Kâtip yazmayı bitirdi, metni önderlik edene okuttu, imzalattı. Sonra diğerlerini çağırdı ve “okudum, imzaladım yazın, imzalayın” dedi. Onlar da okumadan okumuş gibi yaptılar, yani arkadaşlarına ve kâtibe güvendiler ve imzaladılar.
Yarın öbür gün “Bizim irademiz bu yönde değildi, -mesela- biz evimizi satma yetkisi vermemiştik, noterin yüzünden biz istemediğimiz halde evimiz satıldı” deseler ne olacak? (Noter işlemlerinin aksini ispat zorluğu malûm). Hak güme giderse vebal kime aittir?
3. Türk kökenli bir Alman vatandaşı Alman kimliğinin Türkçeye tercümesini istedi. Noter kâtibi bir tercümanın telefonunu verdi. İş sahibi tercümanı aradı. Tercüman geldi, iş sahibiyle noterin kapısının dışında görüştü, ücret olarak elden ve makbuzsuz iki yüz lira istedi, pazarlık sonucu yüz lira aldı. Gitti, bir internet kafede tercümeyi yaptı, çıktıyı aldı getirdi. Kâtibe verdi. Kâtip tasdik işini bitirdikten sonra tercümana makbuz karşılığı bir ücret ödedi. İş sahibi de notere makbuz karşılığı bir ücret ödedi. Ama iş sahibi o sırada anladı ki tercümanın resmî ücretini noter ödüyor. Şaşırdı. Kızdı. Ama bir şey yapamadan çekti gitti.
4. Yaşlı teyze, oğluna gayrimenkul satış vekaleti vermek için geldi. Noter kâtibi, bu iş için doktor raporu gerektiğini ve talep yazısı hazırlayacağını söyledi ve ardından “… polikliniğine mi, … hastanesine mi gitmek istersiniz” diyerek ve iki özel sağlık kuruluşunun adını da vererek hem yönlendirme yaptı ve hem de güya tercih sordu. Oğul “buralarda rapor fiyatı ne kadar” dedi. “Yüz lira” cevabı aldı. Oğul “devlet hastanesi yapmıyor mu” diye sordu. “Orası da elli lira alır” cevabı aldı ve “… polikliniği olsun bari” dedi. Ardından da “bıktım bu soygun düzeninden” diye mırıldandı.
Bu arada fark ettik ki bu “noterden doktora gönderme işi” neredeyse bir furyaya ve sektöre dönüşmüş durumda. Psikiyatristi olan poliklinikler “iki tıktık bir pıtpıt”la darphane gibi!

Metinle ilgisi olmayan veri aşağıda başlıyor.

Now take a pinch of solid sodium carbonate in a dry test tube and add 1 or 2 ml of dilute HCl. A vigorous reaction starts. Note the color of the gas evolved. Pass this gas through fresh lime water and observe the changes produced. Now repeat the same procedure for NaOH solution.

Tam bir “emeksiz yemek” modeli...
Noterlere bankalardaki gibi tarife ve uyarı levhaları astırmak çok mu zor?
Denetim yapılmıyor mu?
Güvenilen adam durumunda olan ve güvenilmesi gereken noterler bunları yaparsa...
Öncelikle Türkiye Noterler Birliğini göreve davet ediyoruz. Ama bazı organizasyonlarının içinde bulunduğumuzdan tahmin ediyoruz ki onlar görevini yapmayacak. Zira milletin değil üyelerinin menfaatini üstün tutuyor. Hem de eskiden beri.

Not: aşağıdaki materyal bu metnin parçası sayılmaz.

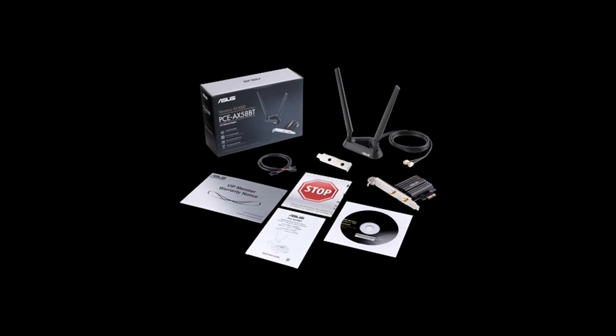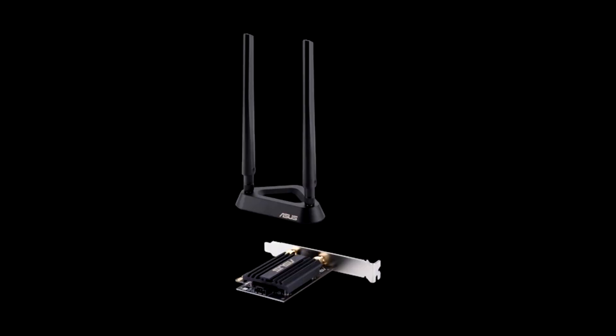Additionally, there is a half-height plate and the USB cable for BT5.0 connection. The antenna base allows you to extend your setup out into open air for better signal quality, while also allowing for direct connection of the antennas if you choose not to use the base. The PCE plate of the AX58BT offers two antenna connections, an X1 interface for PCIe connection, and a flat connection for USB.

Üstelik bu hususu daha önce de yazdık: 28.02.2012 tarihli “Noter de noteder, biz de…” başlıklı yazımıza bakılabilir.
Linki: http://www.yeniasya. com.tr/ahmet-battal/noter-de-noteder-biz-de_205520
O halde Adalet Bakanlığını ve noter denetçisi savcılarını göreve çağırıyoruz.
Adım atmazlarsa diyeceğiz ki: Demek noterlerin meslekî dayanışması Adalet Bakanlığını da bağlamış!